Parmi les Whigs célèbres du Royaume-Uni on peut citer Robert Harley, Charles James Fox, Robert Walpole, Edmund Burke, George Grenville ou Thomas Babington Macaulay.

Historique[modifier | modifier le code]

Entre 1678 et 1681, on commença à désigner sous le nom de Whigs ceux qui voulaient exclure de la succession au trône par un projet de loi le duc d'York (futur Jacques II), qui était le frère cadet et héritier présomptif du roi Charles II. Cet épisode historique porta le nom de crise de l'Exclusion Bill et entraîna la naissance du parti Whig, favorable au Bill, qui gagna sa réputation de mouvement opposé à un absolutisme royal catholique au Royaume-Uni.

Un peu plus tard, ils jouèrent ainsi un rôle important lors de la révolution de 1688. Toutefois, c'est en 1714 qu'ils accédèrent complétement au pouvoir, lors de l'avènement de la dynastie hanovrienne. Ils gouvernèrent sans partage pendant plusieurs décennies en s'appuyant surtout sur la bourgeoisie commerçante. Rejetés dans l'opposition à la fin du XVIIIe siècle et au début du XIXe siècle, ils revinrent aux affaires en 1830 et firent adopter la réforme parlementaire de 1832. Le parti change de nom vers 1830 pour devenir le parti libéral, sur le modèle des liberales espagnols (1810) et des libéraux français (vers 1820).

Le système électoral britannique (majoritaire à un seul tour) est généralement considéré comme l'un des responsables de la disparition des Whigs au XXe siècle. En effet, ce système ne laisse subsister que deux partis principaux : comme il n'y a pas de deuxième tour, les électeurs se répartissent immédiatement en deux grands pôles. Seuls deux partis ont ainsi plus de chances d'avoir des députés, au détriment d'un « troisième parti », qu'il soit extrémiste ou centriste.
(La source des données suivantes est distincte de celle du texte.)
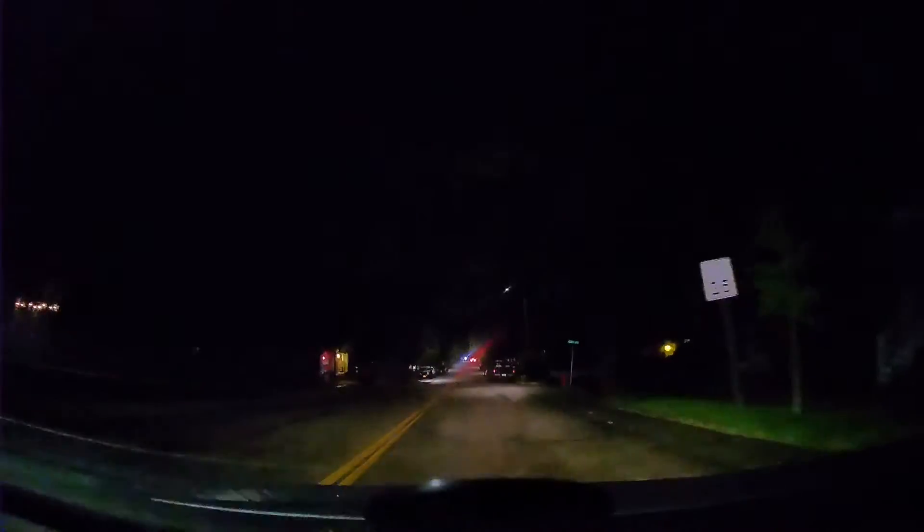This is 1440p 60 frames per second. I also changed the settings on the VFO to 1440p at 60 frames as well.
En vertu de ce système, le parti travailliste eut donc du mal à percer au début du XXe siècle, car il était alors le « troisième parti ». Mais lorsque cette percée fut réalisée, elle fut assez rapide, et ce fut le parti Whig qui, considéré comme centriste sur l'échiquier politique, fut écrasé entre les travaillistes d'un côté et les conservateurs de l'autre, et devint à son tour le « troisième parti ».
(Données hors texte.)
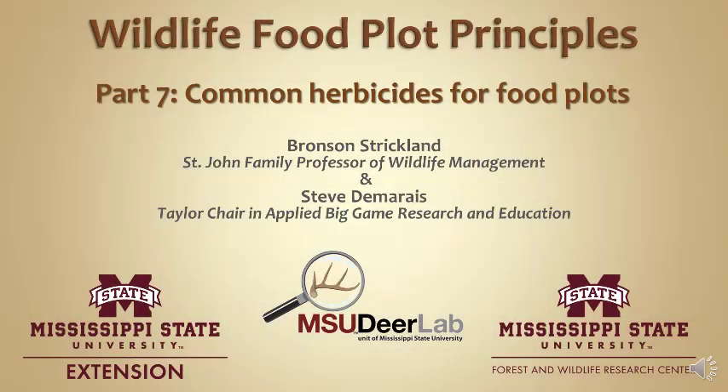Welcome back to the MSU Deer Labs online seminar series brought to you by the Mississippi State University Extension Service and the Forest and Wildlife Research Center. I'm Bronson Strickland and I will be the presenter today. I'd like to also acknowledge my co-author Steve Damaris, colleague of mine and co-director of the MSU Deer Lab. Today I want to focus on all of the aspects of getting a place prepared to plant for food plots — what are all the things you need to do ahead of time, planting equipment, etc. This presentation is about the background and preparation for a food plot system on your property.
Le parcours du parti Whig est assez similaire à celui du parti radical français : qualifié de « libéral », prospère au XIXe siècle et considéré alors plutôt comme à gauche du spectre politique, puis rejeté de plus en plus vers le centre par l'apparition de nouveaux partis, avant de quasiment disparaître. Cette disparition presque totale de la représentation Whig au parlement, au profit du parti travailliste, eut lieu pour l'essentiel dans les années 1930.